O fenômeno aurático (4) que Ulisses e Diogo imprimem às fotografias revela detalhes que a solidão das imagens leva a expandir uma consciência para as diversas possibilidades da linguagem. Esse é um aspecto importante para a teoria realista, por exemplo, em que se tratam as figuras poéticas da elipse e da metonímia enquanto categorias universais, como instrumentos utilizados para capturar a natureza e reproduzi-la por meio de um processo fotoquímico, nos colocando diante de aspectos que, reitero, não enxergávamos ou que não queríamos enxergar.

“Ambiente Natural” reúne materiais e conceitos distintos, alguns recursos tecnológicos, que para alguns críticos são vistos com ressalvas, mas que tem um fim tradicional na fotografia: a de que a natureza possa ser capturada pelo celulóide para então se tornar memória. Os desenhos registrados pela câmera e que registram o real estão ligados a realidade que retratam porque tiram dela uma impressão, mas o olhar da câmera registra imagens que não são tão óbvias ao olho nu ou que ficam ocultas, o que torna definitiva a relação entre o fotógrafo e a técnica que aplica, como ocorre na relação de outros artistas com seus instrumentos e com sua arte, seja na música, na literatura, no cinema ou nas artes plásticas, aplicando sobre sua obra uma subjetividade, uma personalidade, atentos para a premissa de que “a natureza que fala à câmera não é a mesma que fala ao olhar; porque substitui a um espaço trabalhado conscientemente pelo homem, um espaço que ele percorre inconscientemente” (BENJAMIN, p.94). Esses ímpetos psicológicos envolvem a reprodução de um objeto real e reafirmam o fato de que, aceitamos a reprodução e a representação do objeto como realidade, porque “a fotografia goza de determinada vantagem em virtude dessa transferência da realidade da coisa para sua reprodução”. (BAZIN apud ANDREW, p. 116)”.

1.BAZIN, André. Ontologia da Imagem Fotográfica. In: Qu’ est-ce que Le cinema? Trad. Eloisa de Araujo Ribeiro. O cinema. Ensaios. São Paulo: Editora Brasiliense, 1991.

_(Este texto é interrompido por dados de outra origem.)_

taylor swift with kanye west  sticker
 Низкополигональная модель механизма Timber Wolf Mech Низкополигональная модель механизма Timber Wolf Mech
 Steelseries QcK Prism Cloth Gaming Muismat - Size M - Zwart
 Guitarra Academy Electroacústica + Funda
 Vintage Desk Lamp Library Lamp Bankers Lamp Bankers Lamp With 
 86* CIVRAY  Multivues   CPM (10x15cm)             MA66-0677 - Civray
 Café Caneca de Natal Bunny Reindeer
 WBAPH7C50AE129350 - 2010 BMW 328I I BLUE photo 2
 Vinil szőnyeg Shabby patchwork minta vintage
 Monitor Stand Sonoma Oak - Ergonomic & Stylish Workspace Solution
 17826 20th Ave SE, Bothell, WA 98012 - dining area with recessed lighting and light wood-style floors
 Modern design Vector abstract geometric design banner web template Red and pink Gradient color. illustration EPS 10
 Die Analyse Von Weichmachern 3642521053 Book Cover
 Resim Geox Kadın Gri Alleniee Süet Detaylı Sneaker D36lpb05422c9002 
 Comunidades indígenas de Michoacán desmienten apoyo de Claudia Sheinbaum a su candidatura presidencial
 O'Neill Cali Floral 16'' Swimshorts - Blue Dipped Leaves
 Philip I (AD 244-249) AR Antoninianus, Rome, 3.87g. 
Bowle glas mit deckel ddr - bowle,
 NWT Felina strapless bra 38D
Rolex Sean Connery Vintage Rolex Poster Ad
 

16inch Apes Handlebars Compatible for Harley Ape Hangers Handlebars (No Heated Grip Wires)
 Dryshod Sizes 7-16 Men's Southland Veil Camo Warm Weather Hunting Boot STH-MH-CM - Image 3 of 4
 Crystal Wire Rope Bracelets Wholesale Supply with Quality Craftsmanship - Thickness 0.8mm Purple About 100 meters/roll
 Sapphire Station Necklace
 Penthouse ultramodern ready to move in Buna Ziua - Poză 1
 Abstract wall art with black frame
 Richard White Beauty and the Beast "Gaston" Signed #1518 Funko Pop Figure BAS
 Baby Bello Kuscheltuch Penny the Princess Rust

2.Em Pequena história da Fotografia, Walter Benjamin cria essa metáfora sobre a fotografia, estabelecendo as diferenças entre técnica e magia, e teorizando sobre a experiência estética proporcionada pelo fazer fotográfico.

3.BENJAMIN, Walter. Magia e Técnica, Arte e Política. In Obras Escolhidas. São Paulo. Brasiliense, 1994.

4.A aura na definição de Benjamin é “uma figura singular, composta de elementos espaciais e temporais: a aparição única de uma coisa distante, por mais próxima que ela esteja”, autentica, única e original.



BIBLIOGRAFIA CONSULTADA:
ANDREW, J. Dudley. Andre Bazin. In: As principais teorias do cinema. Trad. Tereza Ottoni. Rio de Janeiro: Jorge Zahar, 2006.
BAZIN, Andre. Ontologia da Imagem Fotográfica. In: Qu’ est-ce que Le cinema? Trad. Eloisa de Araujo Ribeiro. O cinema. Ensaios. São Paulo: Editora Brasiliense, 1991.
BENJAMIN, Walter. Pequena historia da fotografia in: Magia e Técnica, Arte e Política. São Paulo, Brasiliense, 1994, p. 94.